While the EdgeRouter Lite is a nice piece of gear without drivers for most of the offloading hardware it is just a slow 500MHz scalar dual-core MIPS64 big-endian system. By installing anything but EdgeOS you are limited to what those CPUs can get out of NICs without offloading hardware, but FreeBSD should support the hardware crypto engine which should be enough to get 50Mb/s IPsec throughput (depending on the average packet size).

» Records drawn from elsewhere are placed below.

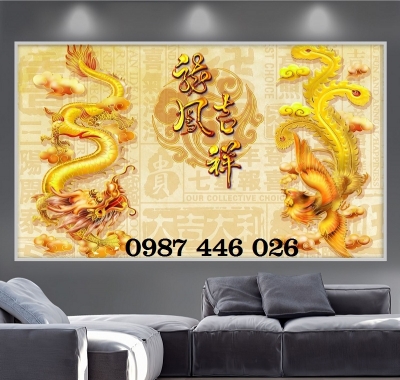 Tranh gạch men rồng vàng HP624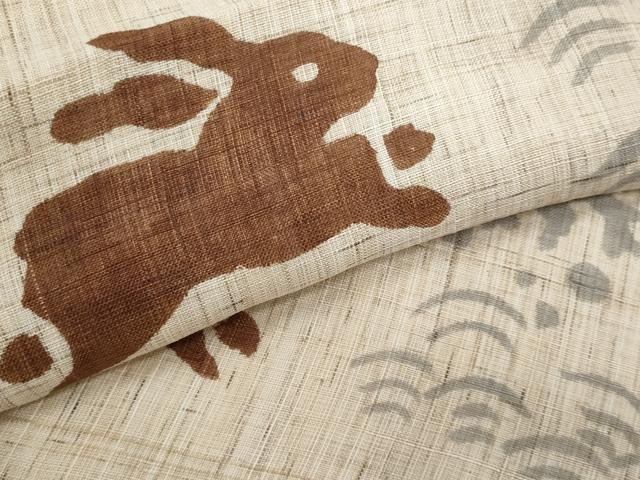 平和屋着物*夏物 八寸名古屋帯 型染め 麻 逸品 CABJ4602fb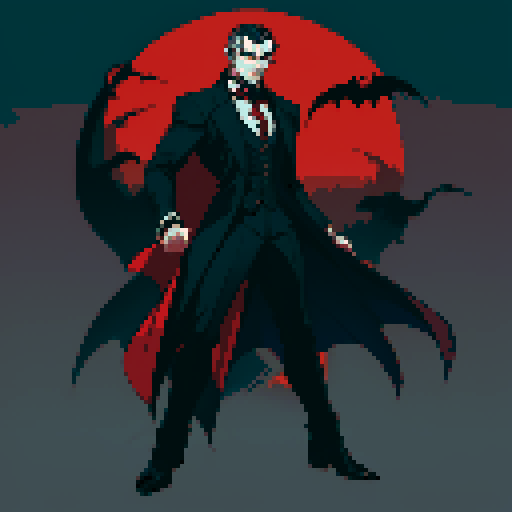 vampire lord, male vampire, full-body image, gentleman, dracula, ready to fight, facing left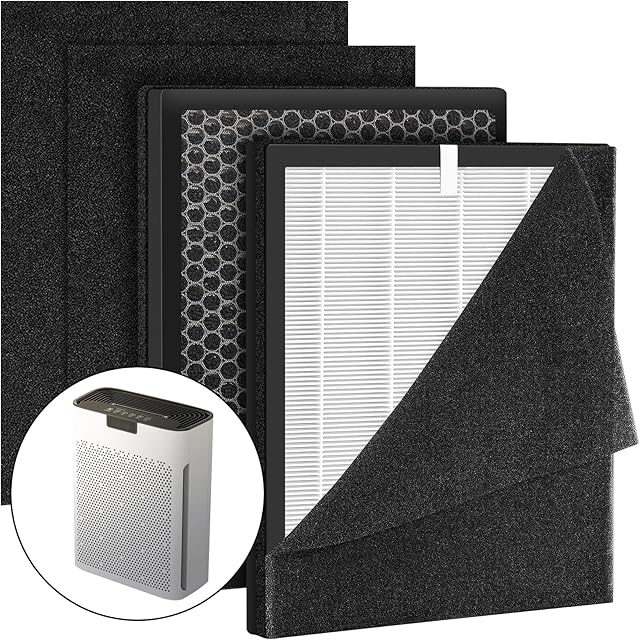 2 Pack KJ190L Replacement Filter,Compatible with MOOKA KJ190L Pet Air Purifier,Suitable for Large Room with 2000 Ft², 2 Replacement Filter & 4 Washable Pre-Filters for Pet-raising family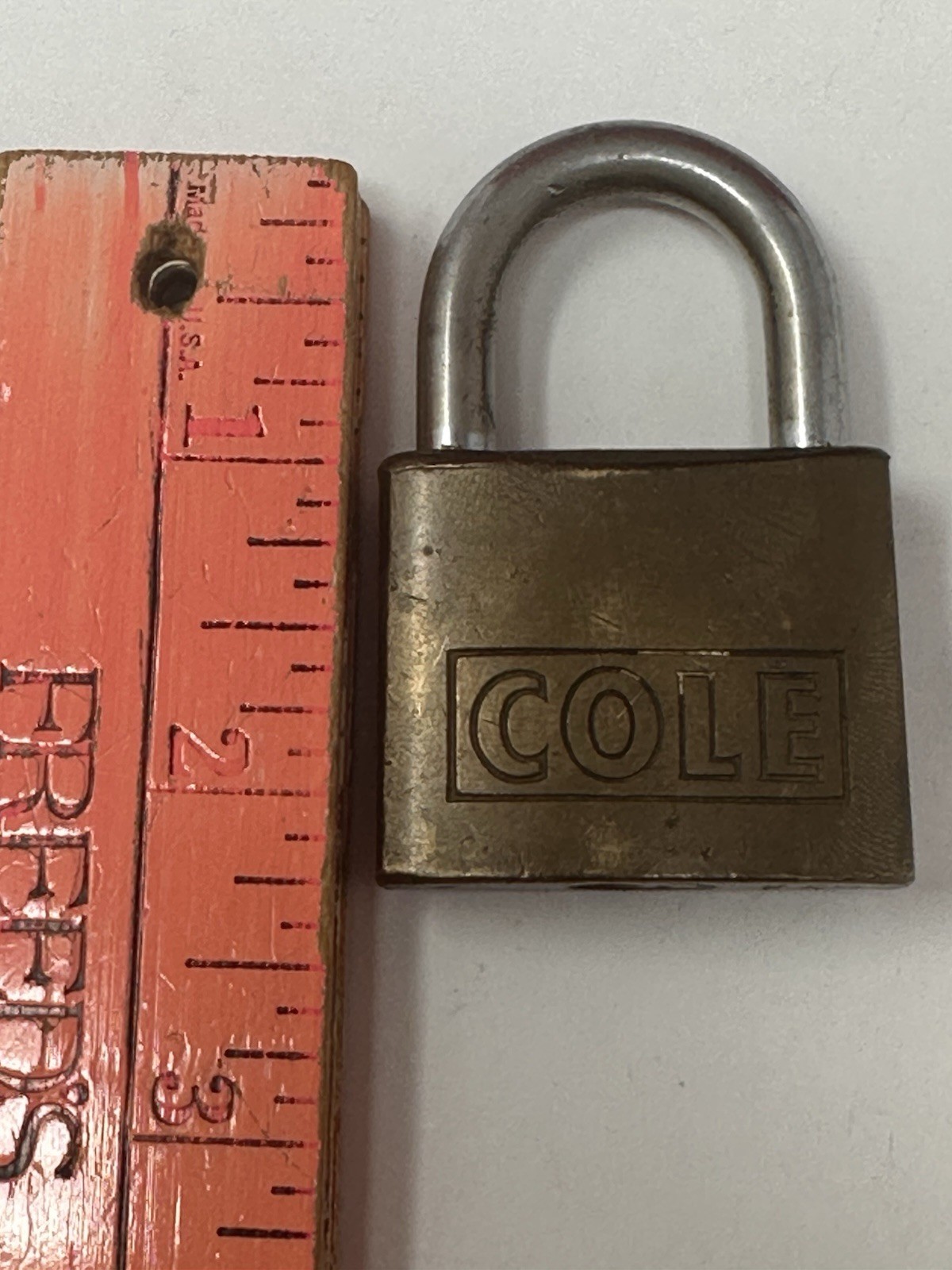 COLE BRASS 1.5" LOCK with ORIGINAL KEY Works
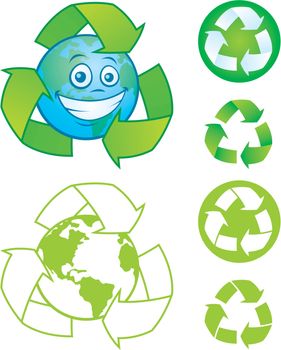 Vector cartoon planet Earth with recycle symbol and several vector recycle symbols and icons. Great mascot or logo for going green or recycling.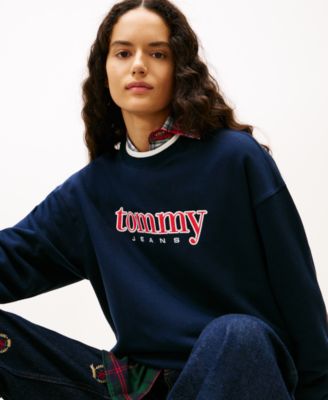Women's Boxy Tommy Applique Crewneck Sweatshirt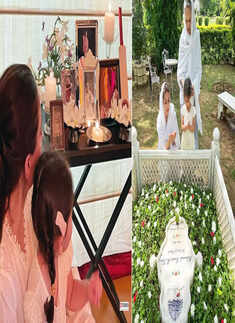 Soha Ali Khan with Sharmila Tagore & little Inaaya offer prayers at Mansur Ali Khan Pataudi's grave on his 10th death anniversary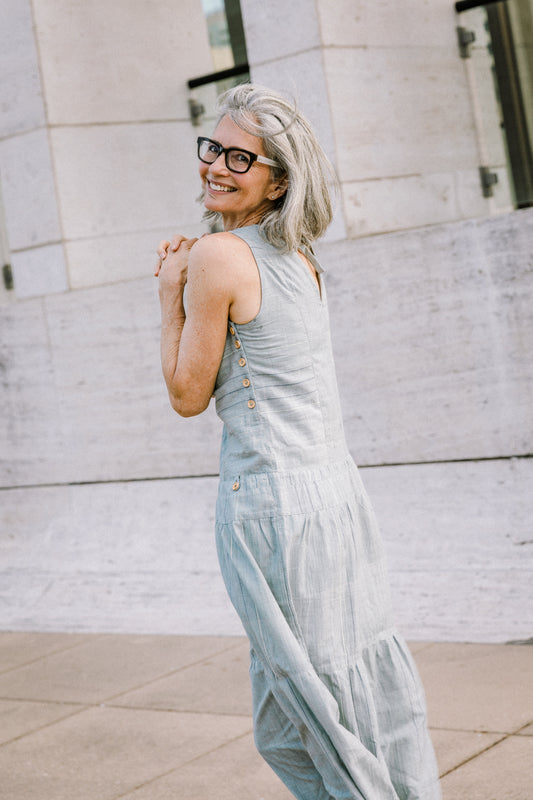 Handwoven Bina Dress in Silver Handwoven Cotton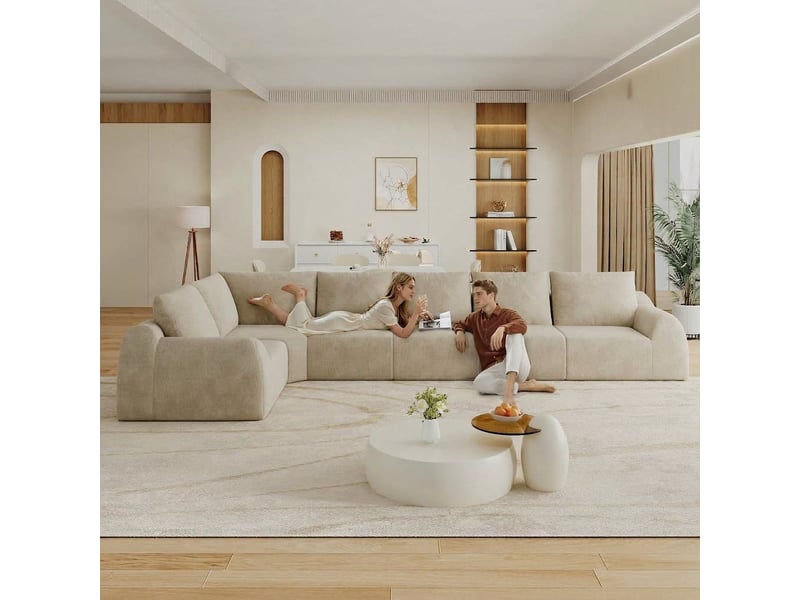  Canapé d'angle en l 6 places tissu chenille kaki 401 cm sans montage  - Conforama C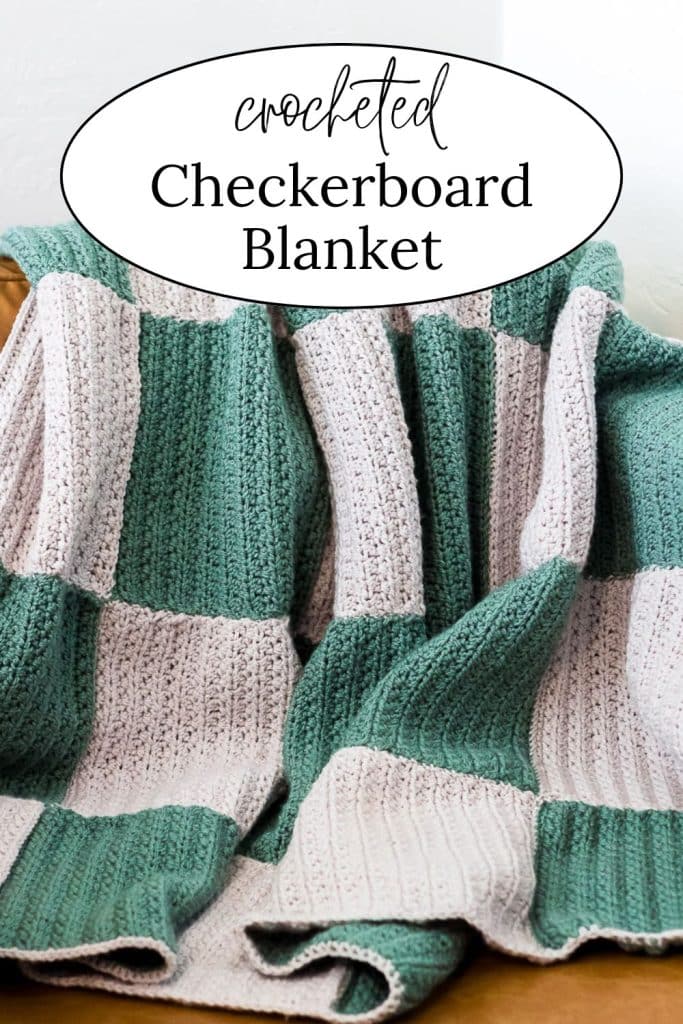 Green and White Checkerboard Crochet Blanket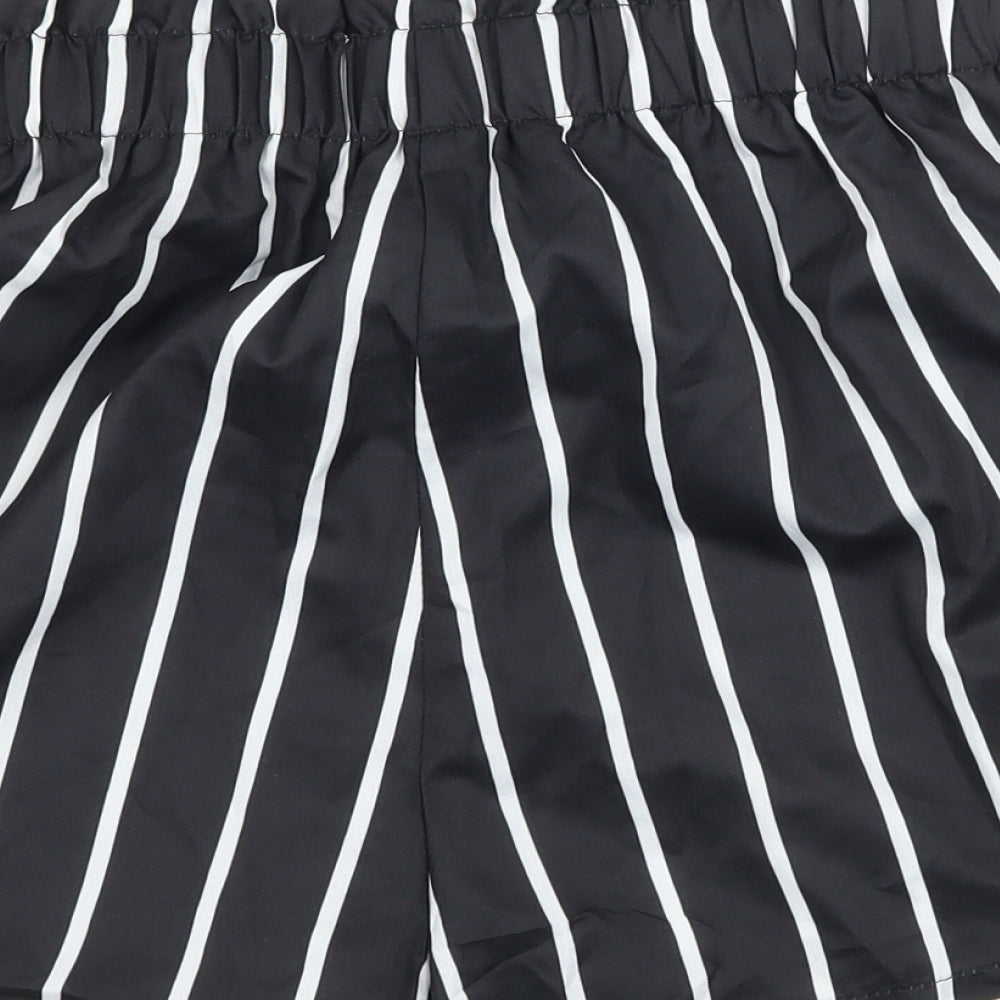 SheIn Womens Black Striped  Paperbag Shorts Size XS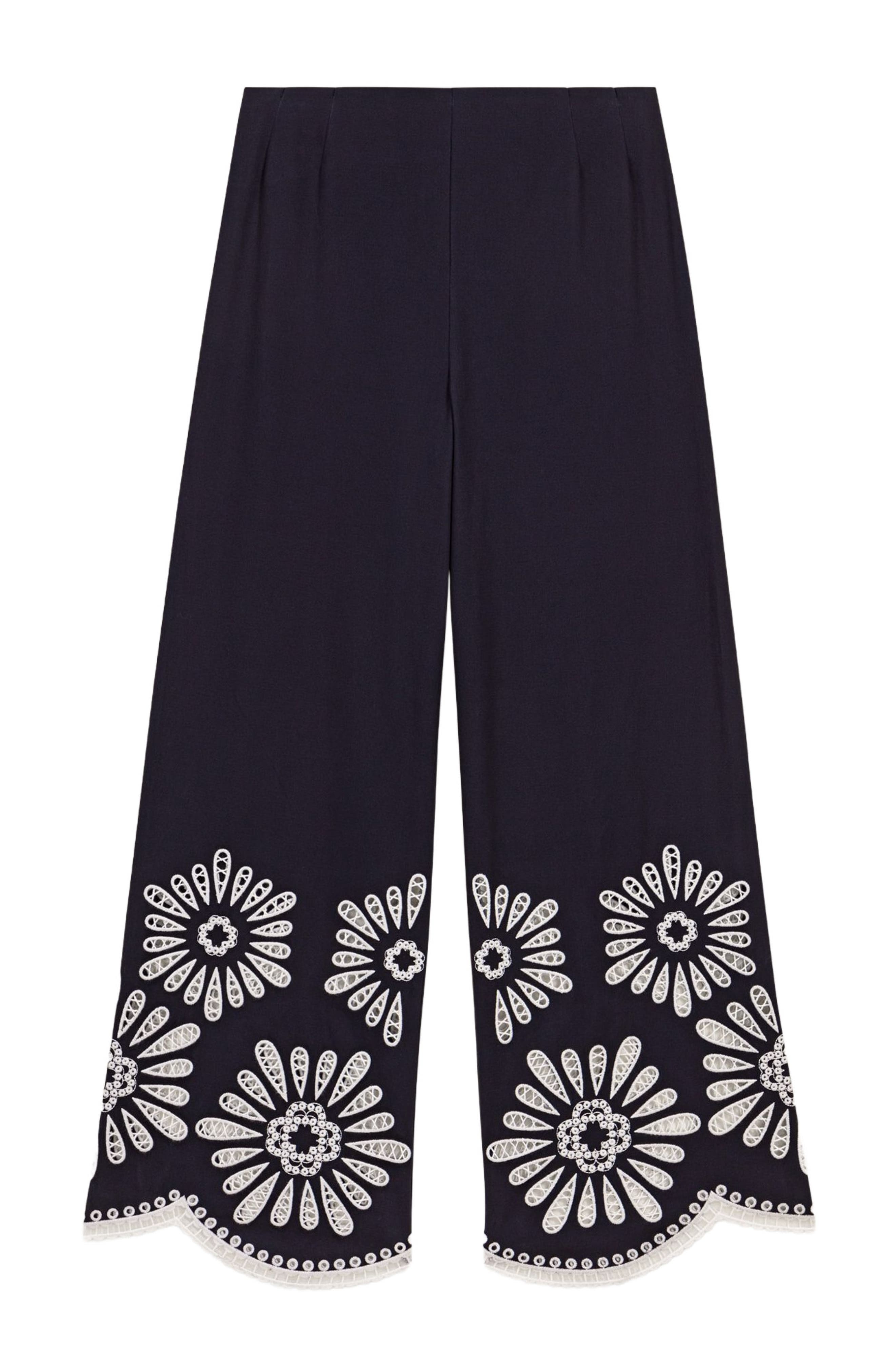 maje Trousers with crochet detail in Navy at Nordstrom - 6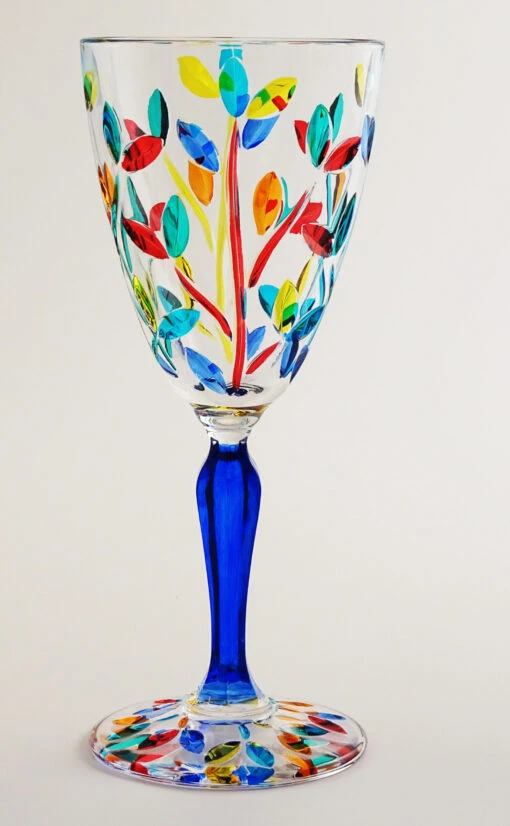 Laurus Blue Stem Multi Colours Drink Glass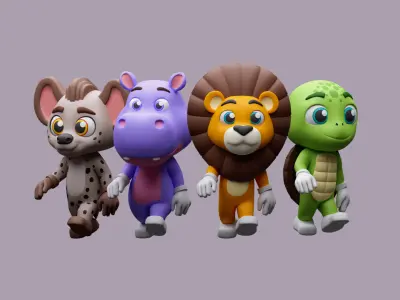 Cartoon character animals 2 01 Low-poly 3D model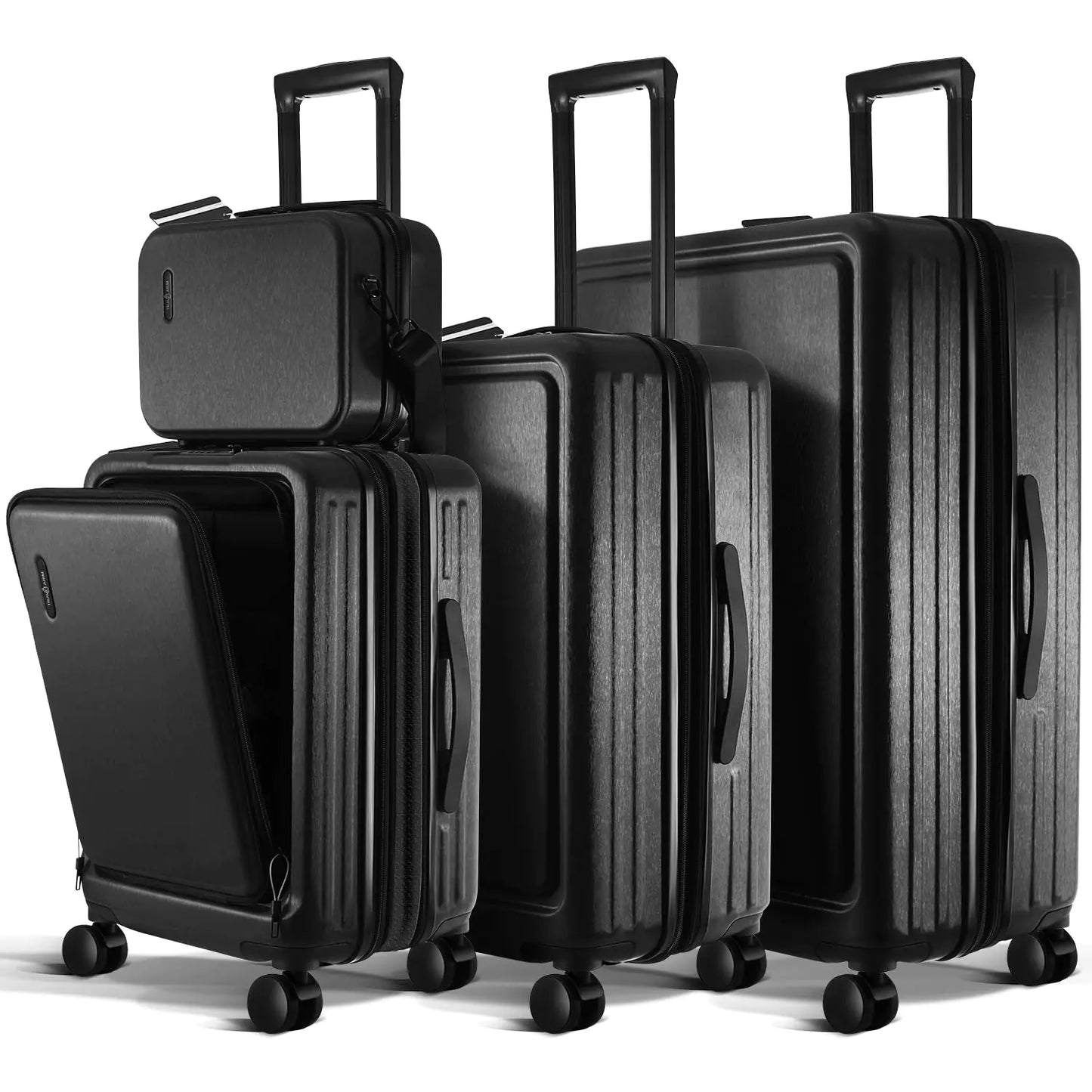TRAVELARIM Hard Shell Luggage Sets with Spinner Wheels 4 Piece Expandable Large Suitcases with TSA Lock Travel Large Suitcase Set Black Luggage Set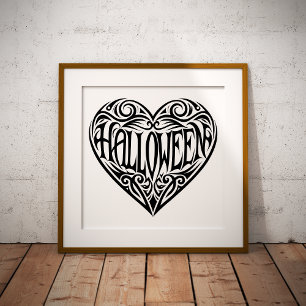 Halloween Heart, Black Heart, Holiday Photo Print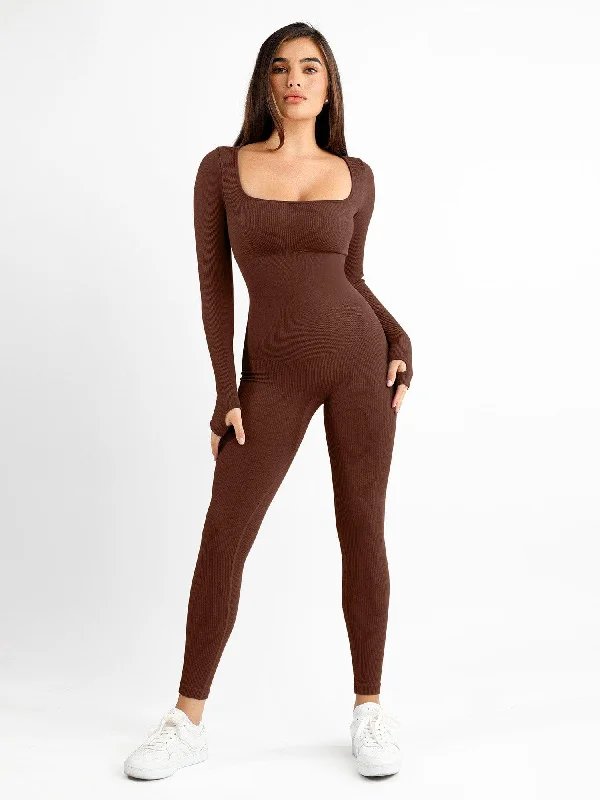 Fashion Pioneer Shapewear Seamless Thumb Hole Long Sleeve Jumpsuit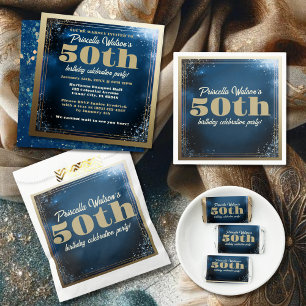 Sparkling Blue and Gold 50th Birthday Party  Invitation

MIPS is at best a Tier 2 and you can expect to run into problems. Please report them on bugs.freebsd.org and join the FreeBSD MIPS mailing list. Do you know how to save the crash dumps?


----------



## bartin (Feb 22, 2017)

Crest said:


> While the EdgeRouter Lite is a nice piece of gear without drivers for most of the offloading hardware it is just a slow 500MHz scalar dual-core MIPS64 big-endian system. By installing anything but EdgeOS you are limited to what those CPUs can get out of NICs without offloading hardware, but FreeBSD should support the hardware crypto engine which should be enough to get 50Mb/s IPsec throughput (depending on the average packet size).



I know, on paper it's pretty ideal for my use case. 



Crest said:


> MIPS is at best a Tier 2 and you can expect to run into problems. Please report them on bugs.freebsd.org and join the FreeBSD MIPS mailing list. Do you know how to save the crash dumps?



Yeah, that's the problem and why I came here first. The ERL is installed in a remote location, so creating the crash dumps and getting to them isn't easy. But I will see if I can't get another router for the location. That way I can debug the problem in a more controlled environment.


----------